▶ [Problem to solve]: Return each line of the records below that contains the word "anticorps".
---+---
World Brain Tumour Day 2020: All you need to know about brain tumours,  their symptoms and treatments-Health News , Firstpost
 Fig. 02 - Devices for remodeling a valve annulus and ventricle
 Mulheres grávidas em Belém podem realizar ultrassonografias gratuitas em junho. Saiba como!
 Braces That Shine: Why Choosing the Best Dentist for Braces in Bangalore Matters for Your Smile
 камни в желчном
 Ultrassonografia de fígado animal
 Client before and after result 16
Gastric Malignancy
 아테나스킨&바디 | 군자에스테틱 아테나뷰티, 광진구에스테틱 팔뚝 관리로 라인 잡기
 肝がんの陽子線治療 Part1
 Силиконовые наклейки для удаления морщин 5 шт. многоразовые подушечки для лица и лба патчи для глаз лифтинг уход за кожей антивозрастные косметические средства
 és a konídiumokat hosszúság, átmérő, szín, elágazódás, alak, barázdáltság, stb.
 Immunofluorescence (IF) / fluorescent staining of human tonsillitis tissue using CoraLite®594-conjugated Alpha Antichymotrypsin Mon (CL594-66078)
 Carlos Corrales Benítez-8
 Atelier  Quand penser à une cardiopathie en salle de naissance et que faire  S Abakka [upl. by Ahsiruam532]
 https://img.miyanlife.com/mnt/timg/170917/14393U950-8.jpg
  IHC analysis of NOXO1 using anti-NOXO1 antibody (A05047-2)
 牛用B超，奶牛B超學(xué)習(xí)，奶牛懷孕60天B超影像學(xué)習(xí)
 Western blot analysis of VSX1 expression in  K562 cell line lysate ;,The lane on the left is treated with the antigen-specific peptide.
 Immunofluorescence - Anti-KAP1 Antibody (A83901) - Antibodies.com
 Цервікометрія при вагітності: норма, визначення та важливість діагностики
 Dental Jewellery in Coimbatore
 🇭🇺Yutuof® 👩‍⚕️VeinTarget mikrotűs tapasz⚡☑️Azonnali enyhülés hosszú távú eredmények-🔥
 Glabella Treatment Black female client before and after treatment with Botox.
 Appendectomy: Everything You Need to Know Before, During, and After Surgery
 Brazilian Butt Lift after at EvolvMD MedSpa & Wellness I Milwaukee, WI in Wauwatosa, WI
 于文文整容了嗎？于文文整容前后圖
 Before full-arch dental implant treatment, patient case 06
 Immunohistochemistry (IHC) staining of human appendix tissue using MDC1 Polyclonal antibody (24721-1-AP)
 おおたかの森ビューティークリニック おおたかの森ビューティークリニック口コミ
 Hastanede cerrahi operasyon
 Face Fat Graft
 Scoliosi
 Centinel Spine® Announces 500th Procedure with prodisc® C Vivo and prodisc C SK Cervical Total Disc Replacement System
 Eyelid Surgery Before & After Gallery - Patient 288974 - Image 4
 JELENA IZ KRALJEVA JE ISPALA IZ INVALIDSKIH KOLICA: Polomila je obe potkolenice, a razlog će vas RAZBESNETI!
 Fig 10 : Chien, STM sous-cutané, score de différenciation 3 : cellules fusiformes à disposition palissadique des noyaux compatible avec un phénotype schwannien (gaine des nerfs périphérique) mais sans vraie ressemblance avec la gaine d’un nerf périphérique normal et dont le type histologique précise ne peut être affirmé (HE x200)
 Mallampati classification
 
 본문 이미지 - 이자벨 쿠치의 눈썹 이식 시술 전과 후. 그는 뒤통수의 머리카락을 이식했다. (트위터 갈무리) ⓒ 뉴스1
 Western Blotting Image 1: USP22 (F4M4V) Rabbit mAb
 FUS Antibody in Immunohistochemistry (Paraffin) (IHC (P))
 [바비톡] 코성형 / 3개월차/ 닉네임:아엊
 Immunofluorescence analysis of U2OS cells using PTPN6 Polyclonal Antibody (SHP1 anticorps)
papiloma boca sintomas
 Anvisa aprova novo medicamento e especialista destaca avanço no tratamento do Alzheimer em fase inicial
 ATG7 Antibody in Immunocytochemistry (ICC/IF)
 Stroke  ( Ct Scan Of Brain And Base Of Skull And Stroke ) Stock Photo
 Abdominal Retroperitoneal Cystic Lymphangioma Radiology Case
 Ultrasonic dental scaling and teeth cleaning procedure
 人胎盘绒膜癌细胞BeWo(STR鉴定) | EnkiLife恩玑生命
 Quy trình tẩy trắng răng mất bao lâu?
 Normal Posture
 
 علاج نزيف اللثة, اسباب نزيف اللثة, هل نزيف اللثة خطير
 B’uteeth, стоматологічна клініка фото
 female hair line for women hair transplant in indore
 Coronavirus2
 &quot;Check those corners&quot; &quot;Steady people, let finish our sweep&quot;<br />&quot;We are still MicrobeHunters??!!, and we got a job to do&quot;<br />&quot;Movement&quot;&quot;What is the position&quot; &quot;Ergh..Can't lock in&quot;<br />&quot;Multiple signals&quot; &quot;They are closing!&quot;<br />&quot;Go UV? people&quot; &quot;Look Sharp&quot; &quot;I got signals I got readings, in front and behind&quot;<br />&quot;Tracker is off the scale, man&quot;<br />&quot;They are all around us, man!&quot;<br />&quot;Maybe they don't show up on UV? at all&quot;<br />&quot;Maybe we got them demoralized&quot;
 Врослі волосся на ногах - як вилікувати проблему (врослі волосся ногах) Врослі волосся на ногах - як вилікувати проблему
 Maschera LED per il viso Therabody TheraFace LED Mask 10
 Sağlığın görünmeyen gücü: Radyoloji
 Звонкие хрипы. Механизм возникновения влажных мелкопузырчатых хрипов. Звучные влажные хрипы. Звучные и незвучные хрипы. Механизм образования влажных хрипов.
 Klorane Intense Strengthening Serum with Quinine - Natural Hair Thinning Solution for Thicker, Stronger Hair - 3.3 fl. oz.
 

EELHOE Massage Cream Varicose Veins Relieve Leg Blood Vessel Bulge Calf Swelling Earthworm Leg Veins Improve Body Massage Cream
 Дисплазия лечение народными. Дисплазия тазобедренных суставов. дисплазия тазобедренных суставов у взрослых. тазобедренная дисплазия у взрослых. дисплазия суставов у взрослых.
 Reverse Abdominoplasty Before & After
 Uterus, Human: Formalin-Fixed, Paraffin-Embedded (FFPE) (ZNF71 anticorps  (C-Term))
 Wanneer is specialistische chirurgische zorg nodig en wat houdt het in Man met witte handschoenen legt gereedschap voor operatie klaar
---+---
▶ [Solution to the exercise]:
 Immunofluorescence analysis of U2OS cells using PTPN6 Polyclonal Antibody (SHP1 anticorps)
 Uterus, Human: Formalin-Fixed, Paraffin-Embedded (FFPE) (ZNF71 anticorps  (C-Term))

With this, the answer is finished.